About

Professor Richard Werner warned of the coming collapse of the Japanese banking system and economy in 1991, at a time when most strategists recommended investors to buy Japanese equities. He stayed ahead of the curve by predicting a major slump in Japan and worked on a solution – which he called “Quantitative Easing”. Well-known in financial circles for his analysis of bank credit creation and his recognition that our money supply is created through bank lending and bank asset purchases, by the late 1990s Richard had become a top forecaster advising the largest institutional investors in the world.

In his bestselling books Princes of the Yen (2003, full English edition 2018, Quantum Publishers) and New Paradigm in Macroeconomics (2005) Richard warned of the coming credit bubbles and banking crises, which hit the world economy in 2008, and again in the following years in Europe with the bursting of the credit and property bubbles in Ireland, Spain, Portugal and Greece. At that time Richard predicted the creation of a property bubble in Germany, which has now burst. A major banking crisis is now likely in a couple of years in Germany.

Richard has demonstrated through careful empirical work how the economy really functions and has revealed much of the ‘official economics’ as a smokescreen. Behind it he has repeatedly been able to expose the ‘guiding hands’ of the central planners at key central banks, working together with other international organisations dedicated to increasing their powers through a process of concentration and centralisation.

Background

Richard Werner graduated from the London School of Economics with First Class Honours in Economics and holds a doctorate in Economics from the University of Oxford. Richard is a Member of Linacre College, Oxford. From 2018 to 2021 he was Professor of Finance at Fudan University, Shanghai. From 2004 to 2018 he was Professor of International Banking at the University of Southampton, England, and prior to this Assistant Professor of economics at Sophia University, Tokyo (one of Japan’s top private universities). He was also professor of economics at Goethe University, Frankfurt, Germany.

His professional experience includes more than four years as chief economist at Jardine Fleming Securities (Asia) Ltd. in Tokyo, a stint as Senior Managing Director at Bear Stearns Asset Management Ltd., and founding Senior Portfolio Manager of the Bear Stearns Global Alpha Fund. He has run several global macro funds, been senior consultant to the Asian Development Bank, first Shimomura Fellow at the Development Bank of Japan and board member of a number of companies, including chairman of the audit committee of an LSE-listed international corporation with 5,000 staff.
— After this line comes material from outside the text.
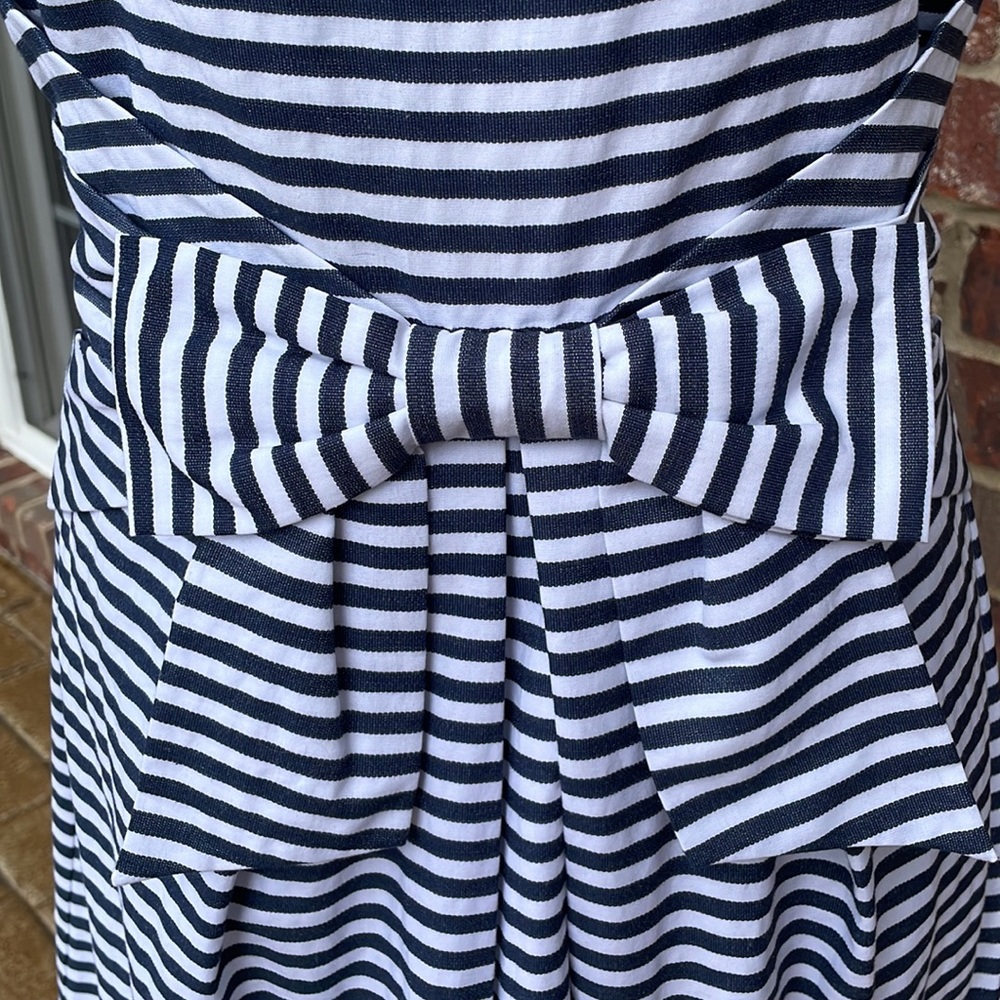 Kate Spade ♠️ Dress - Picture 3 of 10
In 1995, Richard advanced a new monetary policy to pull out of banking crises quickly, which he called ‘quantitative easing’ . This has since been adopted by major central banks. His book ‘Princes of the Yen’ (Quantum Publishers) was a No. 1 bestseller in Japan, beating Harry Potter for six weeks as general bestseller. He warned of the coming credit bubbles and banking crises, including the 2008 crisis. In 2014, Richard published the first empirical proof of the fact that banks create new money when they grant loans (“Can banks individually create money out of nothing?”)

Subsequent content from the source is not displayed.